JAKARTA : Perjalanan panjang Bank Syariah di Indonesia dikemas secara apik dalam Buku Dakwah First, Business Follows karya Endang Rosawati.
Salah satu materi yang dibahas tentang awal kehadiran Bank Syariah yang dianggap sama dengan bank konvensional.
Dalam peluncuran buku tersebut yang bertepatan pada 15 Ramadan 1446 Hijriah atau Sabtu, 15 Maret 2025, Endang mengatakan bahwa munculnya persepsi itu karena beberapa alasan.
Persepsi ini karena karena Bank Syariah masih “bermain” di lapangan yang sama dengan bank konvensional. Kedua bank ini sama-sama menawarkan adu harga (price competitiveness).
“Permainan” ini berdampak pada rendahnya pangsa pasar (market share) Bank Syariah di awal kehadirannya di Indonesia.
Dalam Buku Dakwah First, Business Follows ini Endang Rosawati juga menyajikan perjuangan Bank Syariah yang menjadikan nilai-nilai Islami sebagai identitas sekaligus pembeda dari bank konvensional.
Ia menjelaskan, tonggak pertama kehadiran perbankan syariah di Indonesia diawali dengan berdirinya Bank Muamalat pada era 1992.
Pionir bank syariah ini, hadir di tengah kepungan bank konvensional yang tengah tumbuh subur. Bukan hal mudah, tapi dengan berbagai pendekatan edukasi ekonomi religius mampu meyakinkan masyarakat tentang ekonomi syariah di Indonesia.
Namun, kala itu, bank syariah tidak mampu bersaing dengan bank konvensional. Sebab, ukurannya (sebelum adanya merger tiga bank syariah, 2021) masih kecil.
Apakah untuk bisa eksis, bank syariah harus beradu otot? Tentu saja tidak, tapi bank syariah harus punya karakter tersendiri. Supaya bisa tetap eksis, tanpa saling bersinggungan produk dengan bank konvensional.
“Karakter sebagai bank syariah yang akan membawa keunggulan sebagai bank dengan prinsip syariah,” kata Endang yang juga ikut membidani hadirnya bank BNI Syariah dengan jabatan terakhir sebagai Sekretaris Corporate.
Ia menjelaskan tentang karakter produk syariah dengan berbagai varian yang membedakan bank syariah dengan konvensional.
Seperti, BNI Syariah memperkenalkan konsep Hasanah Titik untuk keluar dari “playing field” yang sama dengan bank konvensional.
Untuk mengimplementasikan nilai (value) ini memerlukan komitmen yang terus menerus dari pimpinan terhadap internal bank. Selain itu, juga terhadap lingkungan dan stakeholder BNI Syariah.

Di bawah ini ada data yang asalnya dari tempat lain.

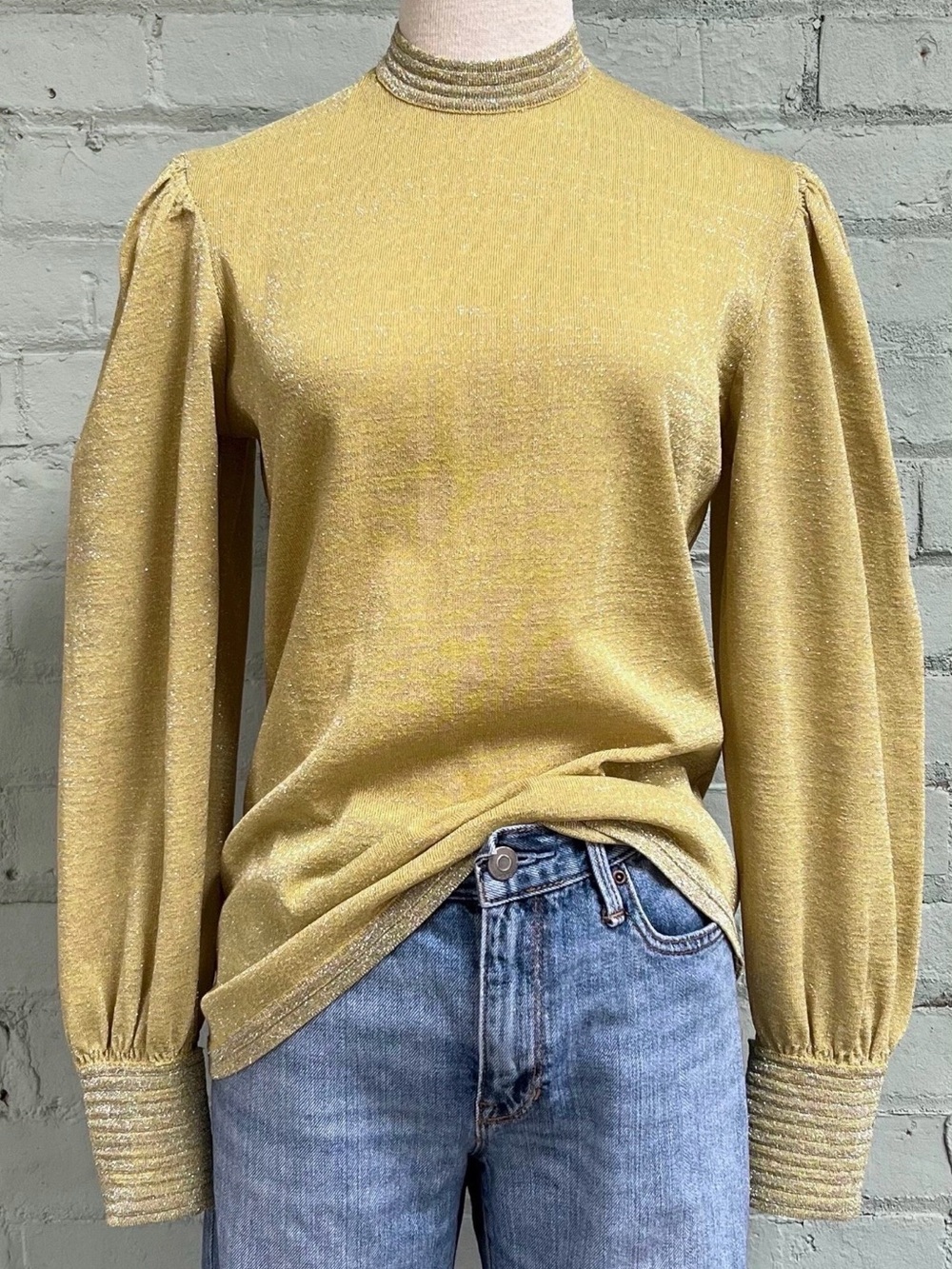 Vintage Metallic Gold Puff-Sleeve Knit Top
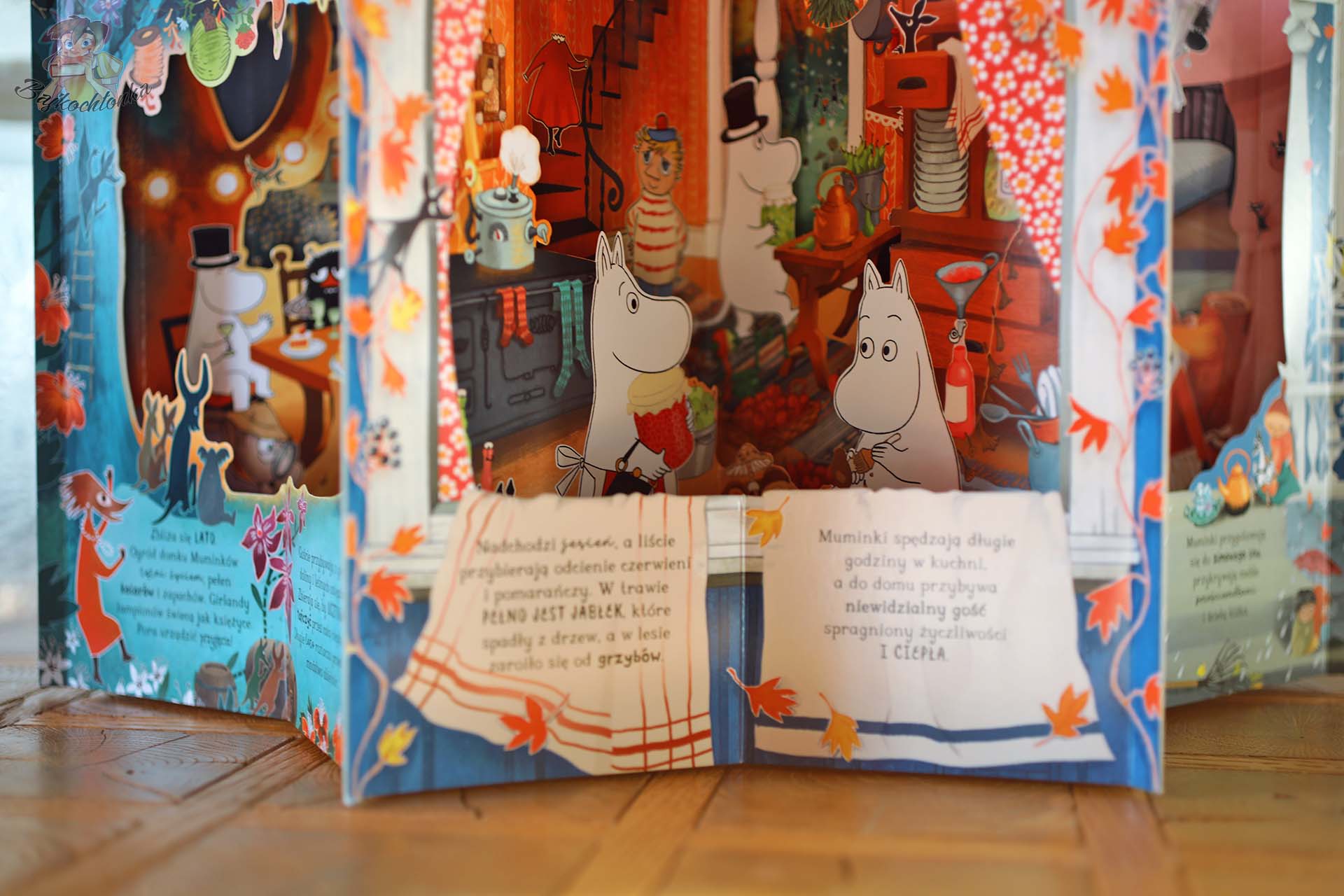 rok w dolinie muminkow karuzela popup jesienna scena w kuchni muminkow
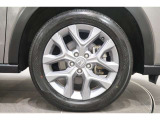 純正のアルミホイールが足元を飾ります!タイヤサイズは225/55R18 になります。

Dalam buku ini dijelaskan tentang perbedaan sistem Bank Syariah dan konvensional. Hal ini seperti, produk kredit ditawarkan dengan bunga yang ringan. Sedangkan untuk produk tabungan ditawarkan dengan bunga yang setara deposito.
Upaya menjaga komitmen, harus didasari dengan semangat spiritual, yaitu semangat dakwah. Dengan dakwah akan terbentuk energi yang tidak ada habisnya (militansi).
Selain itu, memunculkan terobosan yang antimainstream untuk memudahkan nasabah melaksanakan maqoshid syariah di dalam transaksi keuangannya.
Contoh anti mainstream yang dilakukan BNI Syariah saat itu adalah dengan menghilangkan denda keterlambatan (ta’zir) pada pembiayaan murabaha. Terobosan ini guna menghindari riba nasi’ah.
Beberapa strategi yang dijalankan oleh BNI Syariah dalam menginternalisasikan corporate value juga dituangkan dalam buku ini. Termasuk di dalamnya strategi branding yang terbukti dapat meningkatkan loyalitas nasabah.
Dakwah First Business Follows merupakan buku yang ringan dibaca. Namun, di dalamnya terdapat hikmah berupa pelajaran menghidupkan corporate value yang dijalankan melalui kepemimpinan yang solid dan selalu berlandaskan kepada Al-Quran dan Hadits.
Turut hadir dan bergabung pada peluncuran buku Dakwah First Business Follows Dirut Bank Muamalat Imam Teguh Saptono. Inisiator acara ini adalah penerbit Indscript Creative yang dipandu oleh editor Lita Widi Hastuti dan dibuka oleh Founder Indscript Indari Mastuti.